A high-order fully Lagrangian particle level-set method for dynamic surfaces

TL;DR

This paper introduces a high-order Lagrangian particle level-set method that performs accurate surface redistancing directly on irregular particles using polynomial regression, improving robustness and accuracy without mesh reliance.

Contribution

It develops a novel high-order polynomial regression approach for particle-based level-set redistancing, eliminating the need for mesh-based interpolation and enhancing robustness.

Findings

Achieves high-order accuracy in 2D and 3D geometries.

Demonstrates robustness against particle distortion.

Shows convergence in benchmark tests and applies to droplet simulation.

Abstract

We present a fully Lagrangian particle level-set method based on high-order polynomial regression. This enables closest-point redistancing without requiring a regular Cartesian mesh, relaxing the need for particle-mesh interpolation.
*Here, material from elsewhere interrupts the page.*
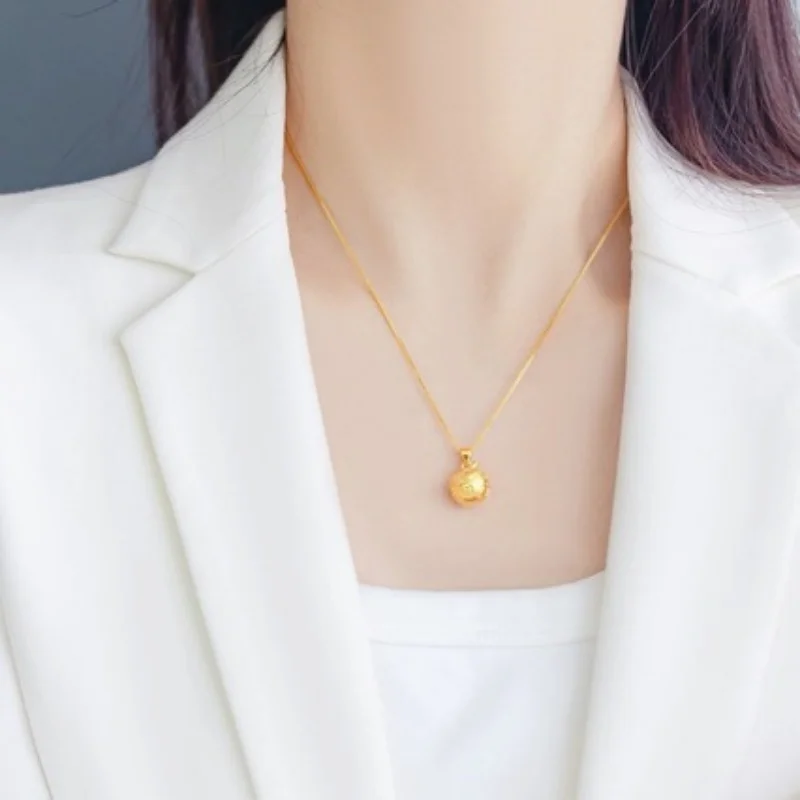 Cute Young Youth Get Rich Quick Good Luck Simple Apple Fashion Jewelry Alluvial Gold Ladies' Classic Necklace Pendant New 2024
Instead, we perform level-set redistancing directly on irregularly distributed particles by polynomial regression in a Newton-Lagrange basis on a set of unisolvent nodes. We demonstrate that the resulting particle closest-point (PCP) redistancing achieves high-order accuracy for 2D and 3D geometries discretized on highly irregular particle distributions and has better robustness against particle distortion than regression in a monomial basis. Further, we show convergence in a classic level-set benchmark case involving ill-conditioned particle distributions, and we present an application to an oscillating droplet simulation in multi-phase flow.